The author then described the beds of recent shells between Concon and Quintero, about 100 feet above the sea level; the deposits near Plazilla and Catapilco; and in the valley of Longotomo. On the hills to the north of the latter, about 200 feet above the sea, immense quantities of recent shells coat the surface or the sides of the ravines; and hence Mr. Darwin infers that the action of the sea determined the minor inequalities of the land. Similar deposits, more or less abounding in shells, were noticed by him near Guachen, and in the valley of Quilimap. Close to Conchali, on the south side of the bay, are two very distinct terrace-like plains, the lower being about sixty feet high.

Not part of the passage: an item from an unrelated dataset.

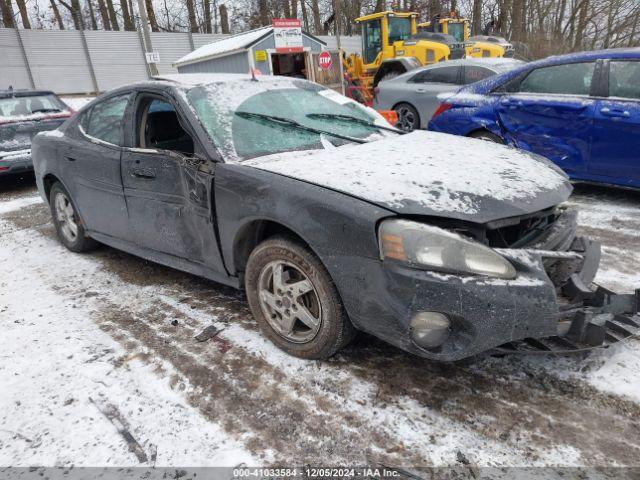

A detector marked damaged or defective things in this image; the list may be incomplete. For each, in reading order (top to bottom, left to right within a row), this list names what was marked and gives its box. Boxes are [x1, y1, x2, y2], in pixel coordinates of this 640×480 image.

damaged gray pontiac grand prix [31, 74, 640, 360]
cracked bumper cover [344, 209, 640, 360]
damaged front end [492, 208, 636, 354]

Mr. Darwin then gave a very brief notice respecting the marine origin of the terraces at Coquimbo, described by Capt. Basil Hall1 and discussed by Mr. Lyell. The proofs of the origin assigned to them rest on the occurrence of recent shells in a friable calcareous rock elevated 250 feet above the sea. This calcareous stratum passes downwards into a shelly mass chiefly composed of fragments of Balanideæ, and this again overlies a sandstone abounding with silicified bones of gigantic sharks mingled with extinct species of oysters and Pernæ2 of a great size The intermediate bed contains some shells in common with the upper, in which all are recent, and with the lowest in which the greater number are extinct. The phenomena of the parallel terraces and the elevated shells occur in a strongly marked manner in the villages of Guasco and Copiapo, the latter being 350 miles to the north of Valparaiso: recent shells also occur at different elevations at an equal distance to the south of it at Concepcion and Imperial. Mr. Darwin believes that the land on the coast of Chili has risen, though insensibly, since 1822. In the Island of Chiloe he is fully convinced, from oral testimony and the state of the coast, that a change effected imperceptibly is now in progress. In support of this gradual rise, independent of earthquakes, he states, that the eastern coast of South America, bordering the Atlantic from the Rio Plata to the Strait of Magellan, presents terraces containing recent shells; yet in the provinces near the mouth of the Plata, earthquakes are never experienced; and it is impossible to suppose that the most violent of the Chilian earth-

1 Basil Hall (1788-1844), naval captain and geographer. Hall 1824.

2 Oysterlike clams.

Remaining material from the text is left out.